Again thank you so much for the info and help!!! My last german shepherd was extremely easy for me to train as he picked up a lot really easy. Should I maybe just wait for him to grow up and to start training? I prefer not too as I want to start his training young.


----------



## Richmond Custodio (Jan 28, 2017)

Slamdunc said:


> @Richmond Custodio
> 
> I do not think that corrections are your problem, but proper motivation is your issue. An E collar will not "fix" your dog or make your training any better. It will also not get better attention from your dog.
> 
> ...


Thank you so much for the info! If you don't mind me asking, may be a really stupid question, but what I do to give him more motivation as I've been using a lot of praise for him.

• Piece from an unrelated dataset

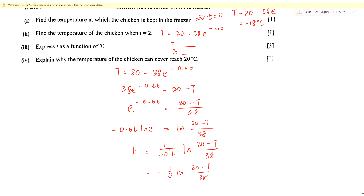So that is the manipulation for part 3 using logarithms. And finally for part 4: explain why the temperature can never reach 20 degrees Celsius.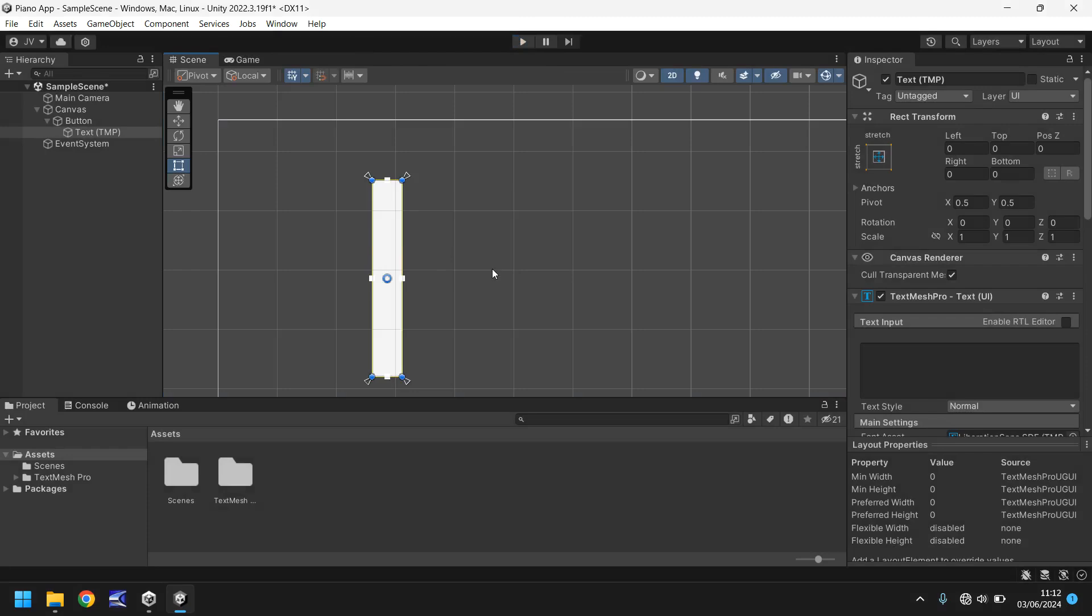So we now have our first key set up exactly how we want. So next time, what we're going to do is we're going to add in all the notes that we need for this piano, and we're going to start doing some C# programming. So until that next tutorial, I'll see you next time.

My dog is a little picky. I tried using a ton of treats but he doesn't like treats. He will sniff them and not go for it. Also tried raw meat and uncooked hot dogs but he doesn't like it. Tried toys as well and he only likes them when I'm not around. I've used this rag that he loves to chase but only likes to play with it when I'm throwing it around. What other things can I do to boost his motivation or should I just continue with plenty of praise? 

Yeah, our training once a week is long and after some recommendations, I've shortened it by giving him a lot of breaks in between and letting him have the choice of when to go back. It's about 2 hours long but what I've been doing is giving him breaks when I see he isn't happy, we'll go on the agility as he loves that or just sit and watch and I'll take him back when he gets up and wants to go. During the week days I will usually do 2-5 mins of training then an hour or so of playing. Should I just take a break from training in general?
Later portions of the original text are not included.